**Exercise prompt**:
Return each entry word for word. Leave the images out.

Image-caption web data

◆ ◆ ◆ ◆

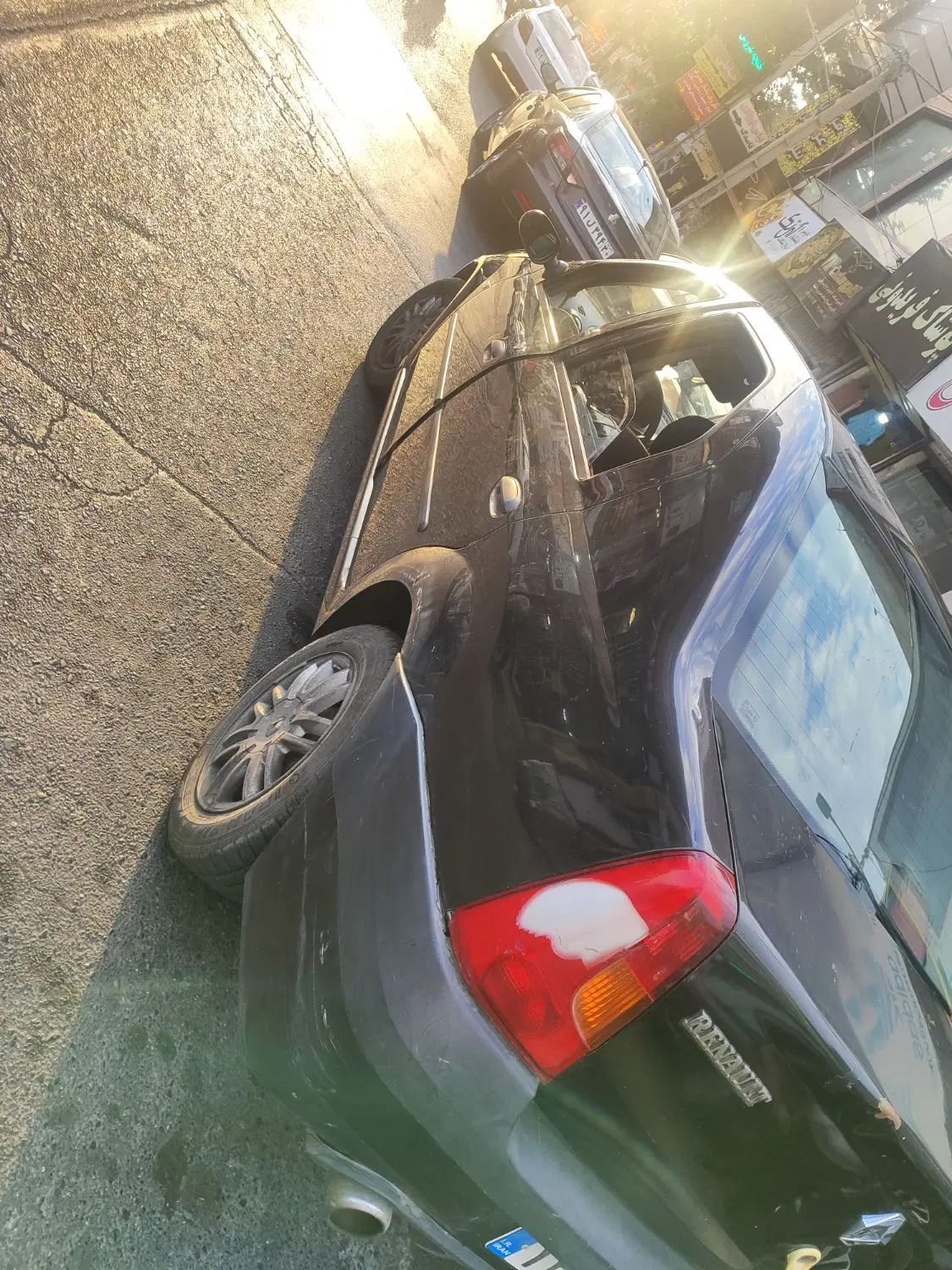 خودرو رنو، تندر 90 آگهی ann_20306261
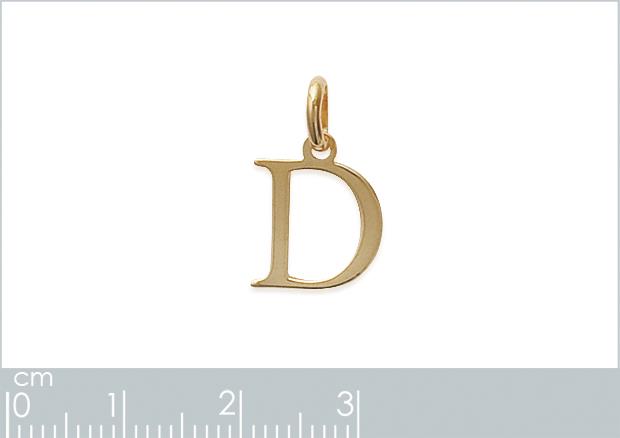 PENDENTIF PL-OR 750 3MIC - 2z875004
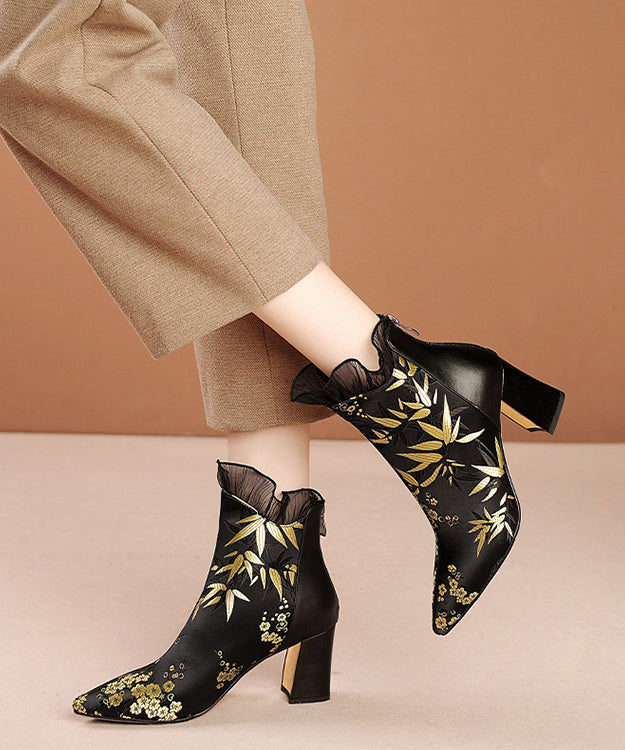 Beautifully Crafted Orthopedic Boots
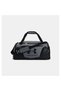 1369222-012 Undeniable 5.0 Duffle Sm Gray Sports Bag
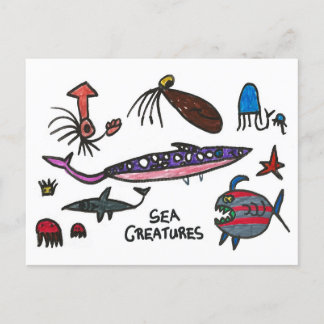 Cartão Postal Sam the Hedgehog - Cartão-postal do Johnny #4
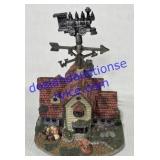 Train Station Music Box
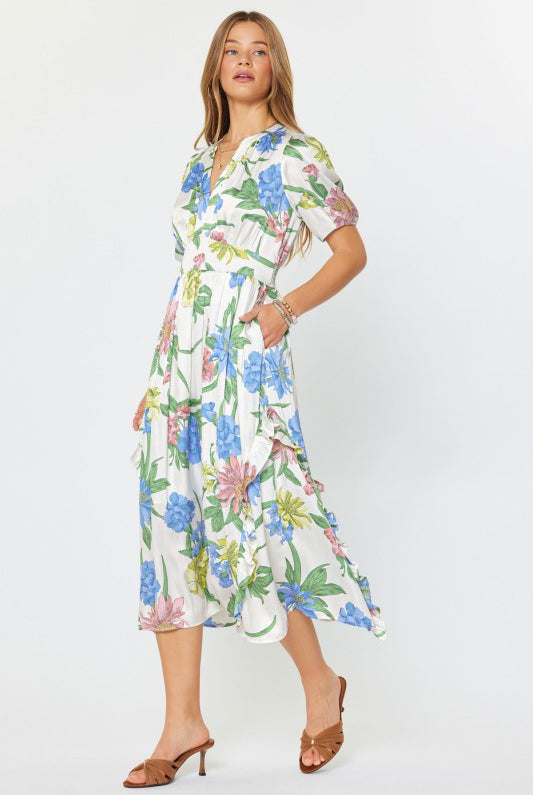 Arabella Dress - Jupe NYC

◆ ◆ ◆ ◆

**Completed task**:
 خودرو رنو، تندر 90 آگهی ann_20306261
 PENDENTIF PL-OR 750 3MIC - 2z875004
 Beautifully Crafted Orthopedic Boots
 1369222-012 Undeniable 5.0 Duffle Sm Gray Sports Bag
 Cartão Postal Sam the Hedgehog - Cartão-postal do Johnny #4
 Train Station Music Box
 Arabella Dress - Jupe NYC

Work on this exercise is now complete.